**Instructions to follow:** The result should be an exact copy of only the lines from the one holding "VENDIENDO EN LA ESTACION" through the last line of the data below, please, without pictures.

**Data section:**
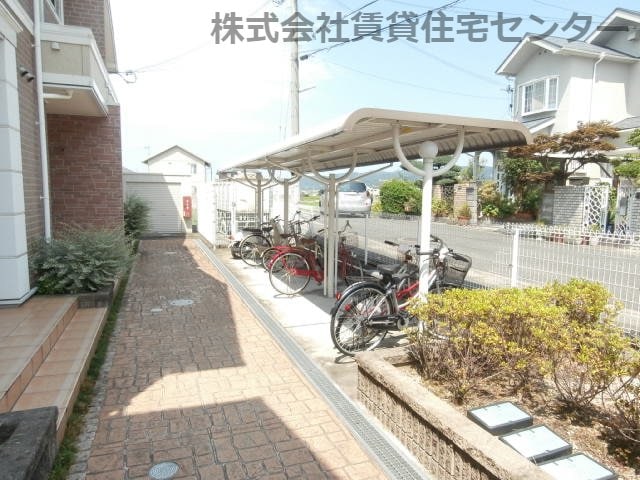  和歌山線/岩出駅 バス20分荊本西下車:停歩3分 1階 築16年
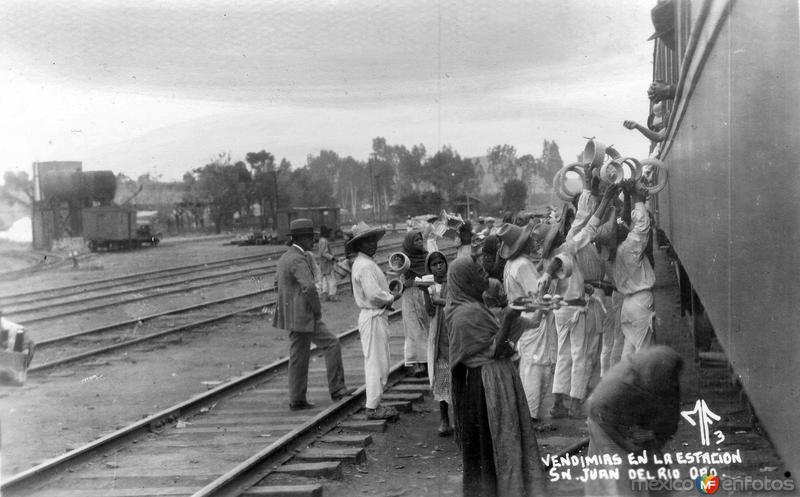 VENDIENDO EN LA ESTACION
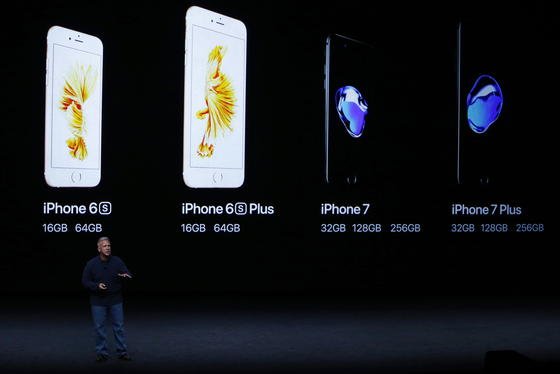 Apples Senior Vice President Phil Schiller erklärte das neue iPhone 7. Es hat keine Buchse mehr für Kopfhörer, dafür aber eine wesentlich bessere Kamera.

**Solution:**
 VENDIENDO EN LA ESTACION
 Apples Senior Vice President Phil Schiller erklärte das neue iPhone 7. Es hat keine Buchse mehr für Kopfhörer, dafür aber eine wesentlich bessere Kamera.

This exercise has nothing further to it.